Mais velho, Honeyde foi o primeiro a aprender a tocar, no fim da adolescência. Viajava 55 quilômetros a cavalo desde a Mulada até Caxias do Sul, com sua primeira gaita na garupa, uma Todeschini comprada em 1942, a fim de ter aulas com Victor De Lazzer. Anos mais tarde, Adelar também iria se aprimorar no instrumento como o primeiro aluno (e também o melhor, segundo o próprio professor se orgulhava em dizer) do italiano radicado em Caxias do Sul Eleonardo Caffi.

Mais conhecido por ser o autor da melodia e do arranjo do hino de Caxias, Caffi abriu na cidade o Conservatório Musical Rossini, onde ministrava os cursos de acordeon e de teoria e solfejo.

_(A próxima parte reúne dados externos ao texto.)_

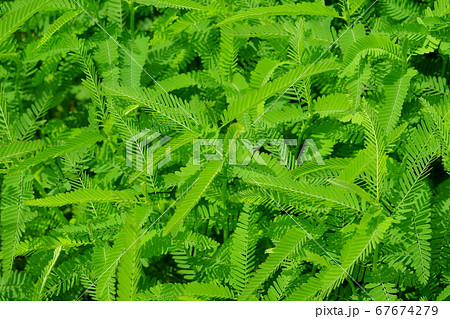 生命力・カワラケツメイの群生-4 67674279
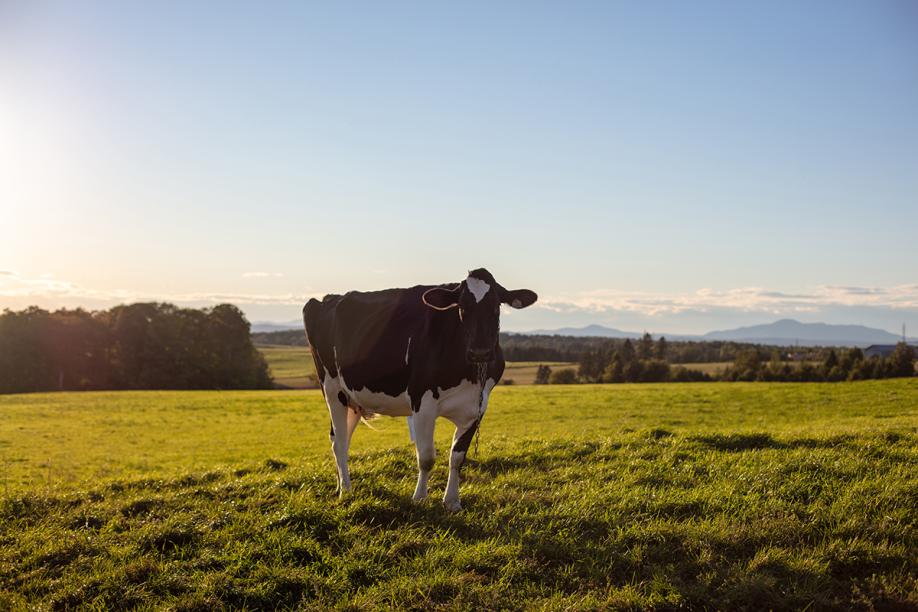 ferme morine_051A2344_LR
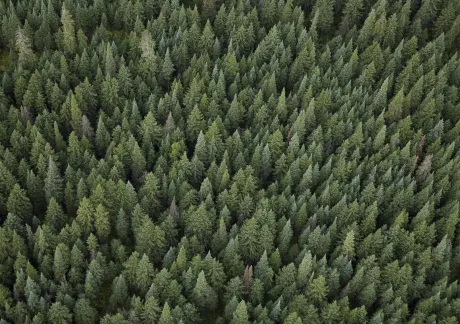 Aerial view of a dense forest filled with evergreen trees.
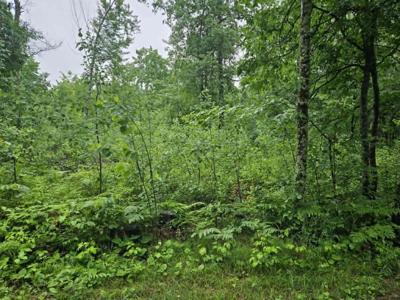 Lot 1 Hilly Lane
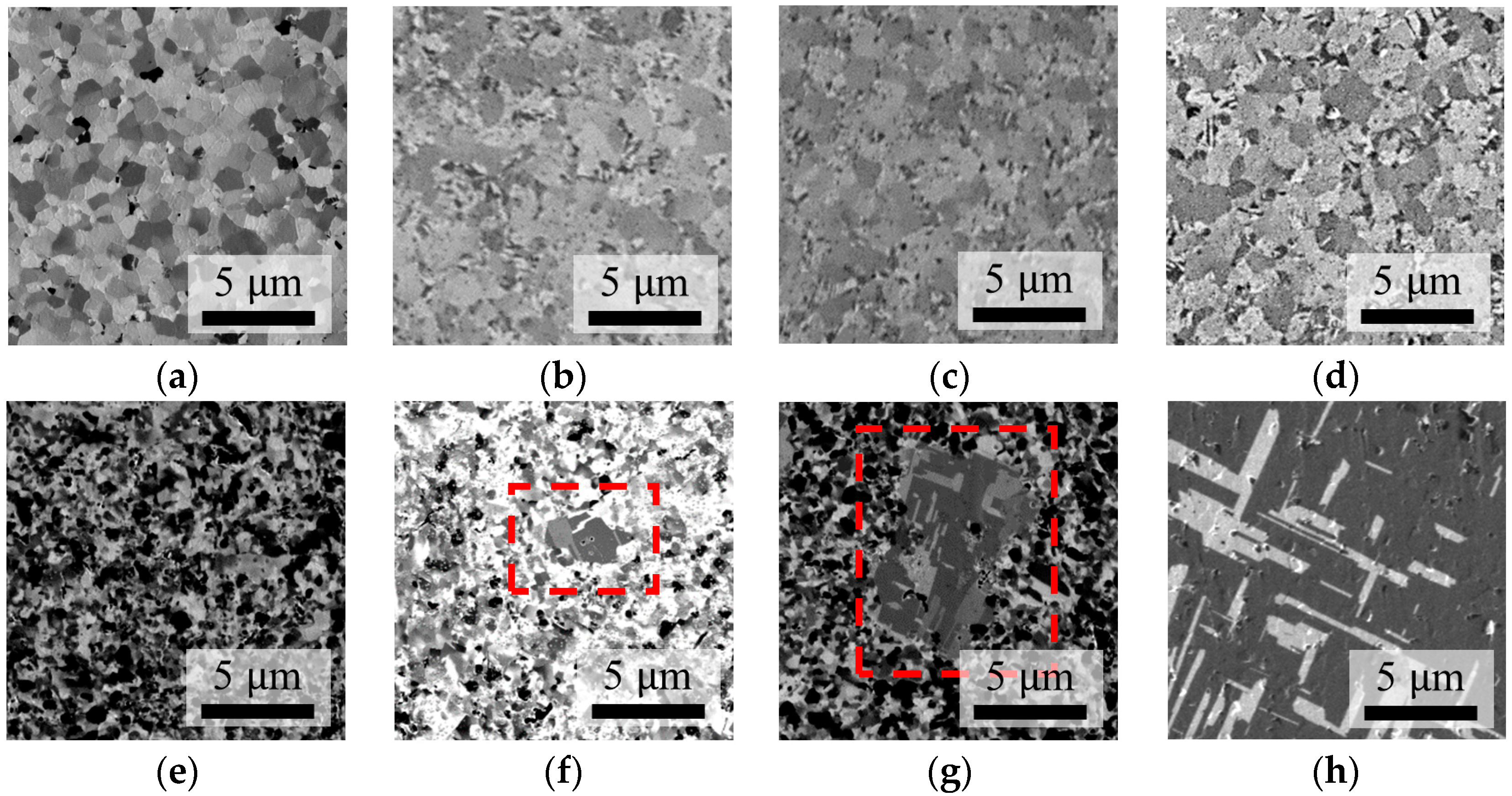 Nanomaterials 14 00771 g011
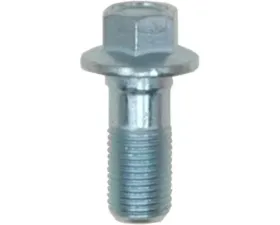 Raybestos R-Line Banjo Bolt H5381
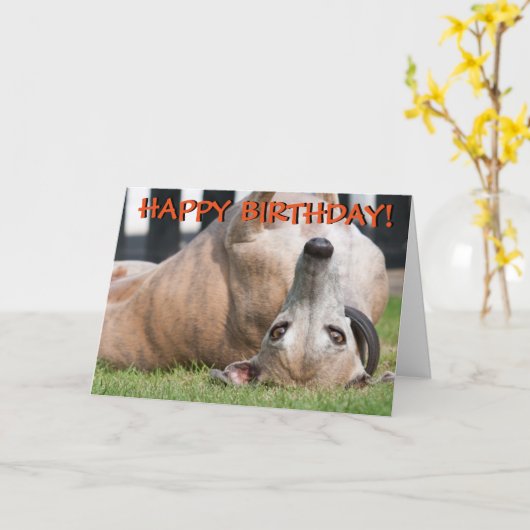 De grappige leuke kaart van windhondgroeten (Gele Bloem)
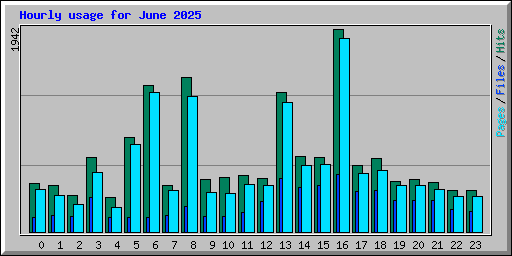 Hourly usage for June 2025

Para André Arrosi, mais do que um dos principais mestres, Caffi, que faleceu em 2022, aos 93 anos, pode ser considerado um dos nomes seminais para a formação da música gaúcha.

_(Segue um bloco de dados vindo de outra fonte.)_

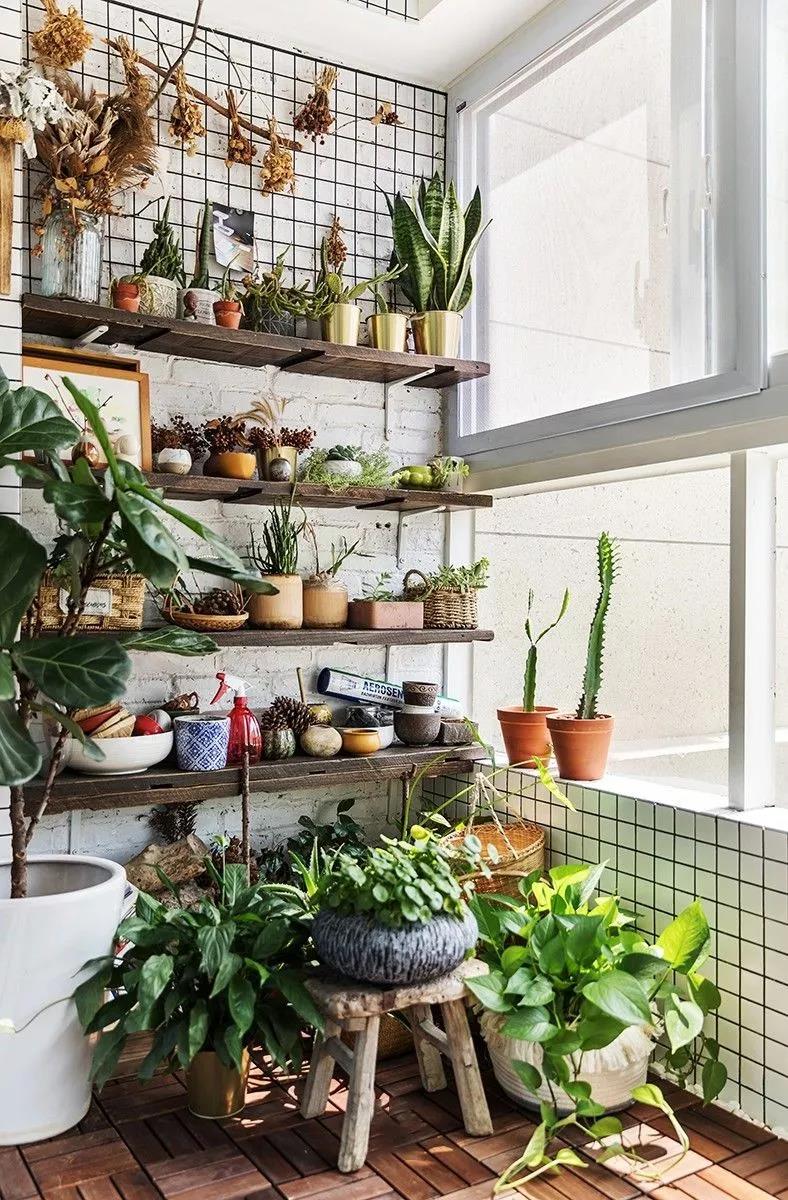 种植区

_ Caffi foi o responsável por trazer para o Brasil o Método Anzaghi Per Fisarmonica, que até hoje é muito utilizado, mas que naquela época da sua chegada ao Brasil e a Caxias foi a novidade que fez toda a diferença no ensino do instrumento. Até hoje, a diferença grande que se percebe no jeito de tocar dos gaiteiros da fronteira para os gaiteiros serranos tem muito a ver com suas diferentes influências. Enquanto na fronteira a proximidade com a Argentina produziu um tipo de acordeonista, na Serra a influência italiana do Leonardo Caffi e do Método Anzaghi fez surgir este outro tipo _ ressalta o acordeonista caxiense André Arrosi, também regente do coral Radize D'Itália.

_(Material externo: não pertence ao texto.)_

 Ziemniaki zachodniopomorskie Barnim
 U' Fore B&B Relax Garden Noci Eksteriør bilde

Fazendo o percurso inverso da imigração, ao longo de sua carreira como instrumentista Arrosi pôde ver de perto a importância que o acordeon segue tendo na região italiana do Vêneto, de onde partiram a maioria das famílias que vieram para o Rio Grande do Sul. O caxiense se surpreendeu, especialmente, com a curiosidade de muitos que não imaginavam que o acordeon seria o instrumento mais popular na região que seus anteados ajudaram a colonizar:
_ Em 2023, acompanhando o grupo Girotondo (de Caxias do Sul), pude ar 15 dias na região do Vêneto, visitando todas as províncias, e pude ver que o acordeon ainda é muito presente, especialmente nos grupos de cantos populares, que são bem similares aos nossos. Nós levamos daqui para lá um pouco da música brasileira, como o chorinho, além do tango argentino, e eles ficaram impressionados.
Coleção de mais de 300 gaitas irá virar museu

Caxiense radicado em Brasília, onde trabalha como servidor federal, Jean-Pierre Bianchi adquiriu um acervo com mais de 300 instrumentos de fole que pertenciam a Wendelino Kinzel, morador de Picada Café, atualmente com 88 anos. Mais do que garantir a preservação da coleção, Jean-Charles planeja a abertura do Museu do Acordeon, que, embora ainda não tenha uma sede física, já tem um Instagram e YouTube (@museuwk) próprio com bastante conteúdo, inclusive entrevistas com antigos afinadores.
- Não será um museu de acordeonistas, mas sim do acordeon, que terá como objetivo principal contar a história de pessoas que se dedicaram à fabricação, ao conserto, afinação, mas que raramente são reconhecidas ou valorizadas. É uma parte muito apagada do legado cultural, em especial da nossa região (da Serra) que tem a maior tradição neste segmento, mas que mal são citados nos registros históricos que conhecemos - diz.
Agregando ao acervo de Kinzel sua própria coleção, o objetivo de Jean-Pierre é reunir e expor no futuro museu pelo menos um exemplar de cada marca de gaita fabricada no Brasil, podendo apresentar ao visitante diferentes formatos e também variações, como o bandoneon, a concertina. Embora a coleção esteja abrigada atualmente em Caxias, Jean-Pierre estuda como possibilidades abrir o museu em Bento, aliando potencial turístico à tradição, ou na Região das Hortênsias, por ser o principal destino de brasileiros que visitam o Estado.